As the other poster said, it will be easier introducing a puppy than an adult dog, but it all really depends on so many things.  My two adult shepherds (male & female at the time) were easily introduced to the adult boxer.  But I have a lot more control over my dogs than most people do so if they started to get too rough, I would tell them to stop and things would cool off.  The boxer is was just off in left field and wouldn't listen to anyone, but he was just happy bouncing around with his new friends


----------



## redtailgal (Dec 30, 2011)

I have a 13 year old unaltered daschund, a 5 year old spayed Mastiff, and 12 year old unaltered Jack Russel.
*
 I* am the alpha of my pack. No questions asked.  As alpha, I dont allow toy aggression, food agression or aggression with each other. Period.  They each have their own space.......the inside of their crates.  The door to the crate stays open and they can go in their own crate (and no one else's) to be left alone. While they are in their crate, the other dogs and all the humans are required to leave them alone.

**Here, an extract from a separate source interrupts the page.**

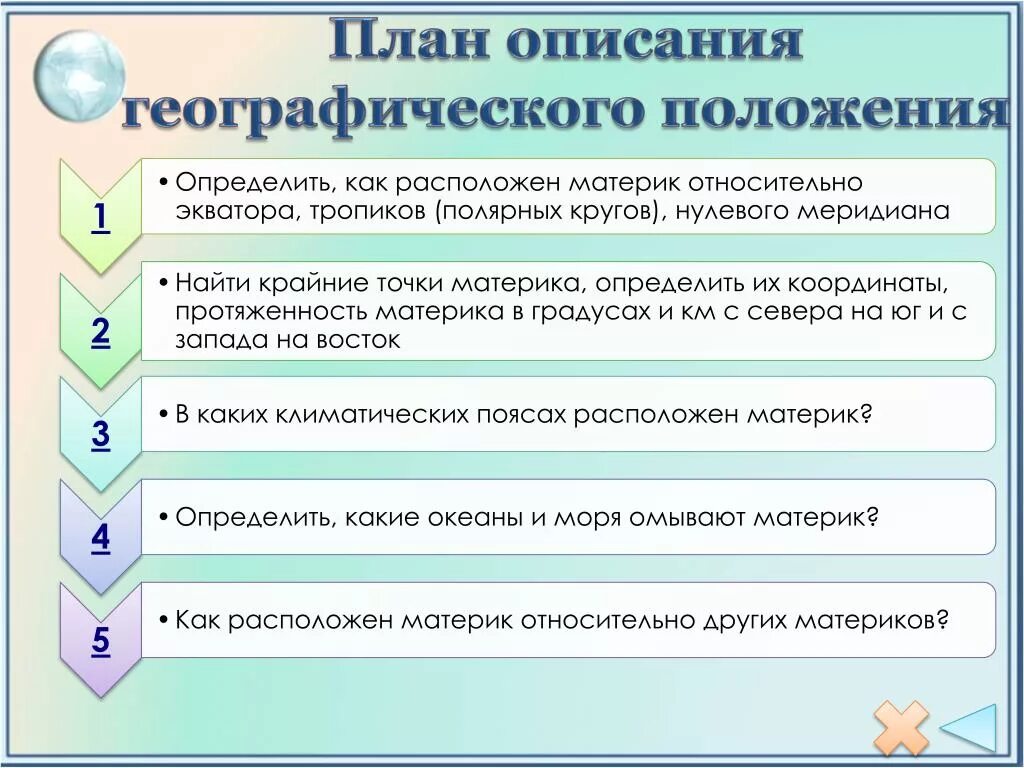 План описания географического положения. Географическое описание план. План описания география. План характеристики географического положения региона.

Each dog gets one on one attention, and the pack gets attention as a whole.

Dogs will hump one another at any time.  Female will hump males, and vice versa. Spayed, unspayed, neutered, un neutered, they will still do it.  The only time a dog will be pregnant is during her heat cycle.  Spayed females do not have the "parts" to even have a heat cycle (no uteruse), so spayed dogs cannot get pregnant. Unaltered males do have a much higher tendancy to hump things.......dogs, cats, goats, chickens, people, tree stumps.......yes, tree stumps. You should meet my Jack Russel.

You can probably expect some humping when you bring this dog home.  There may be some aggression.  Keep your dogs (all of them) on a leash.  Introduce them at a distance without treats (treats may CAUSE aggression at this point).  Allow some light sniffing if all goes well. PRAISE PRAISE PRAISE "nice" behavoir, tail wagging, friendly sniffing etc.

FREAK OUT, get loud and be angry INSTANTLY at any growling from ANY of your dogs.  Dont let them decide who will be alpha.......YOU and YOU alone are alpha.


----------



## AdoptAPitBull (Jan 8, 2012)

Growling is a good thing, and should NEVER be punished.

It is a warning to other dogs, a verbal "hey, quit it, you're ticking me off". Without it, a dog doesn't know to back off. If you punish a growl, you are telling the dog NOT to warn. If a warning is not given, a fight might break out because you are telling the dog to not let the other dog know something is wrong.

This happens all too often when a child is bitten. The owner punished the warning growl, so the dog bit first because it wasn't allowed to warn first. Respect what your dog is telling you.

Some dogs will not get along with other dogs, period. You can "alpha" them all you want. I can't "make" some of my males like each other as much as you can't "make" me like Casey Anthony.


----------



## crazyland (Jan 30, 2012)

My dogs are unaltered. Even with a female in heat there are no fights or squabbles. My older male will growl at the younger to back off away from the females kennel and that is the end of it. I have no dominance problems. I have no problems with unwanted litter either. I am an active owner and pay attention to my dogs and the cycles. I also don't have a problem with marking or mounting. I can take them anywhere in public and they behave. Training and socialization plus a healthy, sound temperament. 
A properly trained and socialized gsd will get along with another dog, intact or fixed.


----------